Il nostro destino è probabilmente legato a tutte le zone celesti del sistema solare, com’è quaggiù legato con quelle che compongono la nostra Terra; probabilmente, prima di giungere qui, abbiamo vissuto i crepuscoli e le aurore di Herschel [Urano] e di Saturno. Altri secoli e nuovi raggi di luce ci hanno trasportato nelle mezze giornate di Giove e di Marte […]. Di là siamo giunti […] su questa Terra, dove combattono la nostra ragione e le nostre passioni.

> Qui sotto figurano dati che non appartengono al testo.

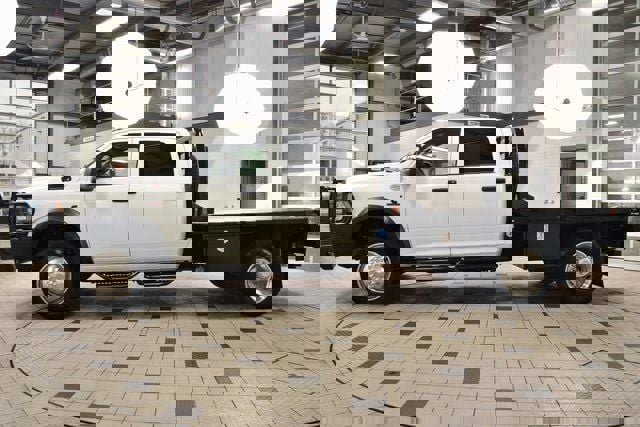 Used 2024 RAM 5500 Tradesman w/ Max Tow Package image 3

Da qui passeremo alla brillante Venere e a Mercurio, i vicini del Sole, dove perfezioneremo le nostre idee e le nostre virtù. Alla fine, dopo aver percorso tutte le tappe dell’esistenza umana, giungeremo purificati nell’astro da cui sgorgano senza fine il movimento, le forme, gli amori e le generazioni39.

Da questa breve analisi della psicologia di Saint-Pierre pare emergere, in conclusione, l’interesse che la sua opera riveste in un’indagine sulla religione e sulla religiosità tipica del tardo Settecento. Al di là dell’innegabile debolezza che caratterizza a tratti il suo impianto teorico, la dottrina delle cinque anime esposta nelle Harmonies de la nature non è banalmente una teoria pseudoscientifica di retroguardia, degna al massimo di comparire nel Sottisier che chiude Bouvard

et Pécuchet. Essa, al contrario, fornisce non solo un interessante esempio della commistione tra

spiritualismo e materialismo che caratterizzò la fase più matura dell’Illuminismo francese ma, soprattutto, rappresenta un estremo tentativo (sotto alcuni punti di vista anacronistico, ma non per questo meno interessante) di abbracciare in una visione unitaria filosofia, scienza e letteratura. Essa rappresenta pertanto una testimonianza efficace anche se a tratti inadeguata – o forse proprio così efficace poiché inadeguata – dell’impasse di quelle generazioni che, al tournant des Lumières, dovettero fronteggiare l’arduo compito di maneggiare un’eredità densa e complessa come quella illuministica.